The other source of cooling energy can be provided by heat pumps, where heat from above mentioned heat sources is pumped to the high-temperature heat sink. “Heat pumps allow us to purposefully use the pumped heat, i.e., to eject the stored water in hygroscopic materials that are full of water if we add heat at high temperature,” explains Dr. Poredoš. The primary purpose of hot vapor generation is to increase its dew point temperature significantly higher than the ambient temperature, thus generated water vapor could condense easily, perhaps only using ambient conditions.
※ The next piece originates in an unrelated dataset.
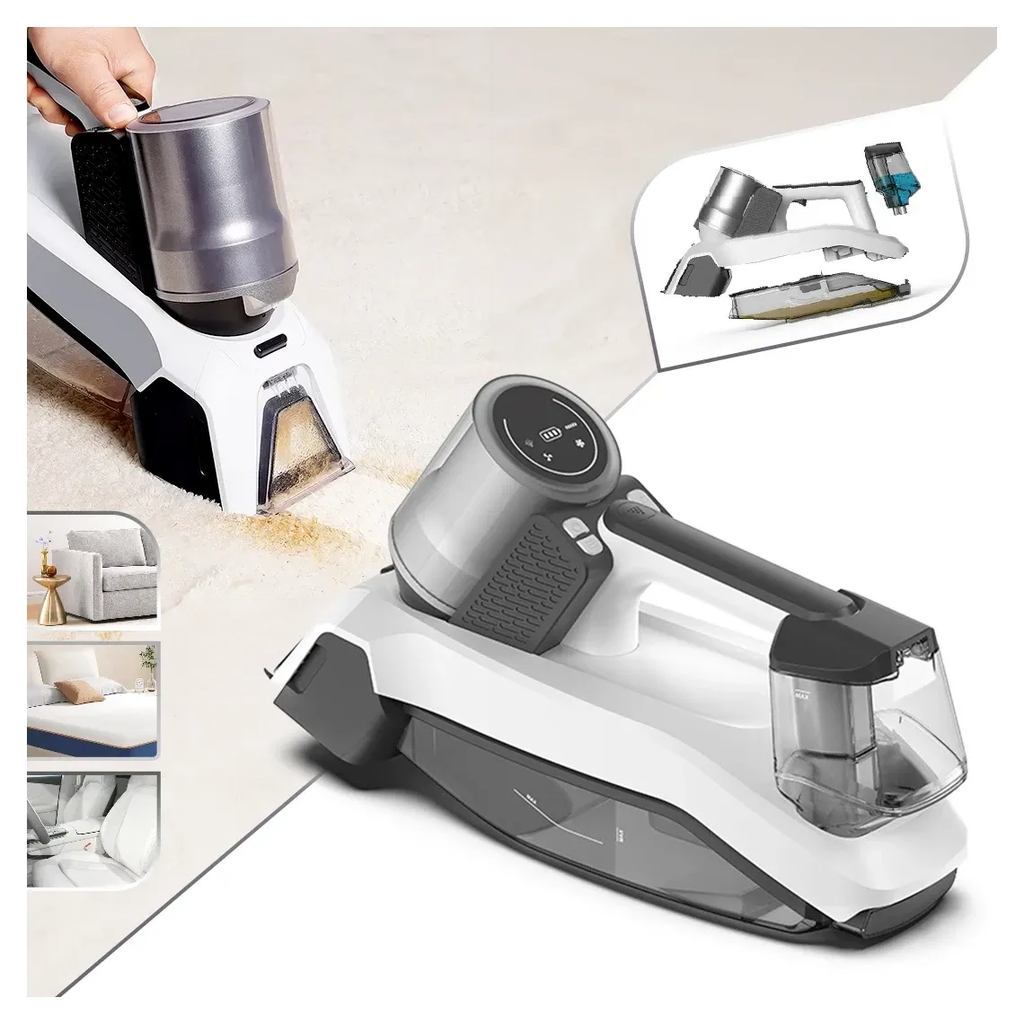 مكنسة غسيل بقع السجاد والمفروشات بشاشة ليد مع خزانين منفصلين ( 300 مل  + 500 مل)  بقوة 63 _ 57 وات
Similar conditions can be observed when cooking, where vapor mist condenses on the metal surfaces all around us. “In addition, the water release process can also be easily coupled with a solar thermal collector,” adds prof. Wang, “since warm and dry places are typically abundant with the sun radiation”.
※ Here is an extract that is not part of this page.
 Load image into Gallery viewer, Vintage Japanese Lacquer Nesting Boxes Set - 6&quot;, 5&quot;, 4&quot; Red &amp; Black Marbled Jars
The proposed concept needs to be addressed from the point of view of actual prototypes to the comparison with stand-alone devices that produce water and conditioned air. “Atmospheric water harvesting is a very attractive way to produce freshwater anywhere, anytime. However, thermal engineering scientists must seek a way to combine this technology with other technologies that are used every day in our lives”, says Prof. Wang. Various research teams might propose their own devices, “which then need to be evaluated according to how much the material is needed, what is the overall costs, and how much space such a dual-use device requires.” Looking ahead, integrating atmospheric water harvesting with other technologies is obviously needed, from the monetary aspect, especially to gain further attraction among stakeholders and policymakers.
Immense progress in material and thermal science brought us exceptional novel hygroscopic materials and daytime radiative sky cooling coatings. Both exceptional energy materials may be integrated with desiccant-based heat pumps. “Our predecessors produced fresh water and cold by ice harvesting from frozen lakes using primitive tools. Their inspiration serves as a reminder that the dual-use nature of devices is right at our fingertips, given the abundance of sophisticated equipment at our disposal,” concludes Prof. Wang.